Jasmina Covic broke through the glass ceiling in 2014 when becoming the youngest and only female agent in the German football business.
Today she runs the Women’s Football Agency – the first of its kind to specialise in women’s football consultancy – alongside Brian Eylert, who once worked with iconic figures such as Lothar Matthaus and Nadine Angerer.
It has been a long road to this point, but every obstacle put in Covic’s path – from narrow-minded sexism to stereotypes in the sporting agency world – have been cleared in groundbreaking fashion.
What has been said?
Speaking to GOAL and SPOX about her initial efforts to work with a men’s football agency, Covic said: “I contacted a few.
“However, I either didn't get any feedback or received a disapproving response like: 'Nobody is interested in women's football anyway'.
"An agent once said to Brian: 'What do you want with that? Let the pretty ones play in bikinis and lock the ugly ones away.'
“People like that are now suddenly also involved in women's football, the great women's experts, and some even call themselves women whisperers. That made me smile a bit.”
What are the difference between women’s and men’s football?
Covic is working hard to break down barriers and level playing fields, but concedes her life is still made more difficult than it should be by contradictory approaches within the male and female games.
She said: “With women, there is a huge fight for sponsors, supplier contracts and equality. You fight for everything, so to speak. It is much easier for an average male Bundesliga player than for an average female Bundesliga player.

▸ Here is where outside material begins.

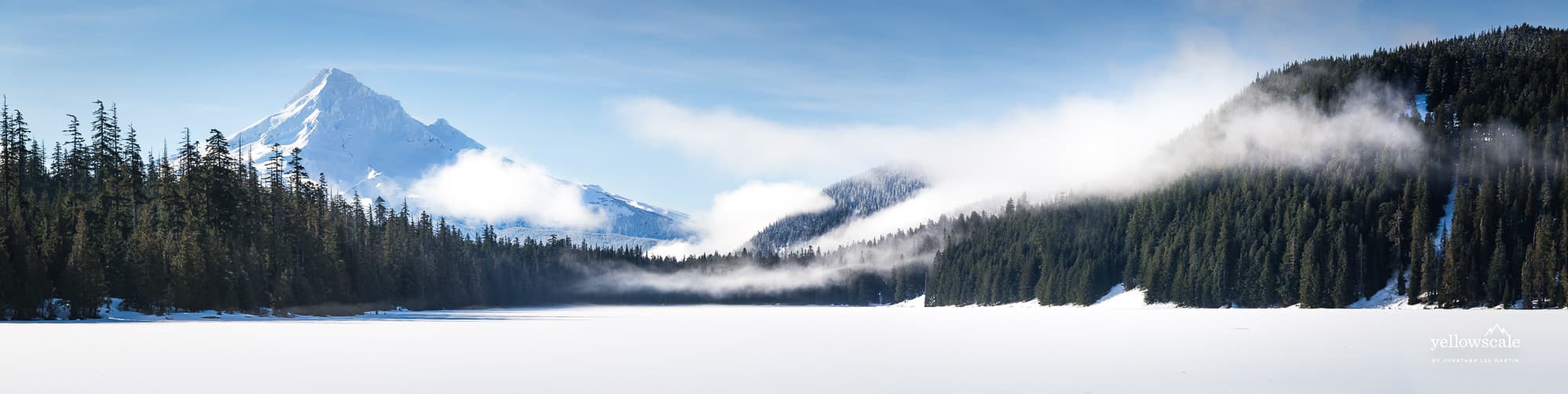 Mount Hood over Lost Lake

“One of our national players is the only one without a supplier contract. Adidas says they don't have the money, but when I hear that an average male player can go shopping with the whole family, and even the agent, at the expense of the supplier, I don't know what to say.
“We have always worked closely with Puma because they were the only brand that supported women's football. Now they have the problem that the players are being poached by Adidas and Nike.”
The bigger picture
On the advice that is offered to female footballers, Covic said: “Some of the players don't care if the advice is bad or if they have no significant experience in women's football.
“Men come in expensive cars and fancy brands and tell them how rich they are and which famous men they have already worked with. That impresses the girls. This makes them fall for people who have nothing to do with women's football. Some players and parents are way too naive.
“A German female national player once thought it was great that she became the first woman to work with a big men's agency. Yet they have never worked with a woman and have no idea whatsoever. Some of them just make you shake your head.”